## Task to complete
Repeat only the lines from the one containing "身价400亿黑老大死后，妻子说了什么，令多数人汗颜？" to the final line below, exactly as they read, and leave every picture out.

## Data

+ + + + +

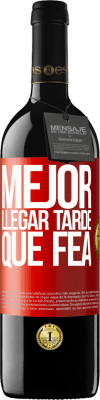 39,95 € Envío gratis | Vino Tinto Edición RED MBE Reserva Mejor llegar tarde que fea Etiqueta Roja. Etiqueta personalizable Reserva 12 Meses Cosecha 2016 Tempranillo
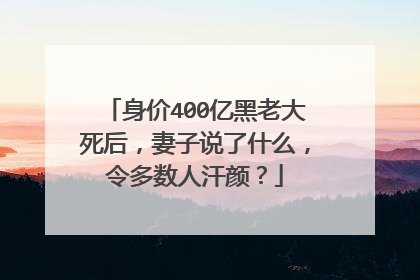 身价400亿黑老大死后，妻子说了什么，令多数人汗颜？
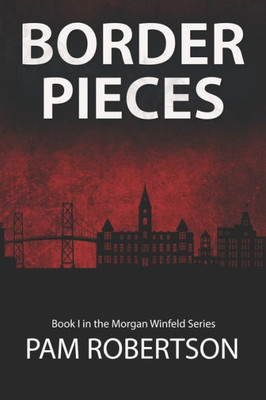 Border Pieces: A Morgan Winfeld Novella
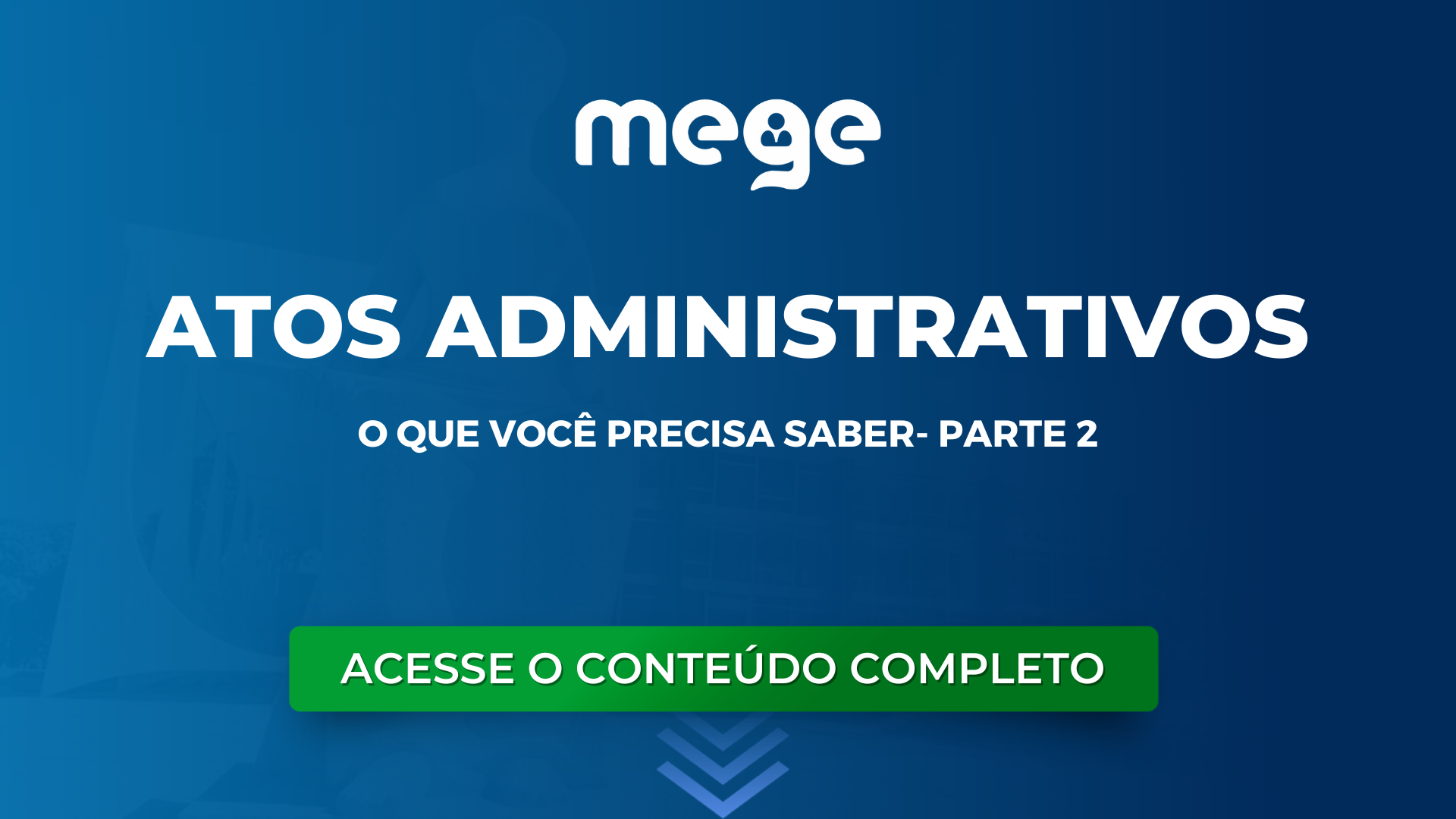 Resumo do que você precisa saber sobre Atos administrativos. Parte 2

+ + + + +

## Response
 身价400亿黑老大死后，妻子说了什么，令多数人汗颜？
 Border Pieces: A Morgan Winfeld Novella
 Resumo do que você precisa saber sobre Atos administrativos. Parte 2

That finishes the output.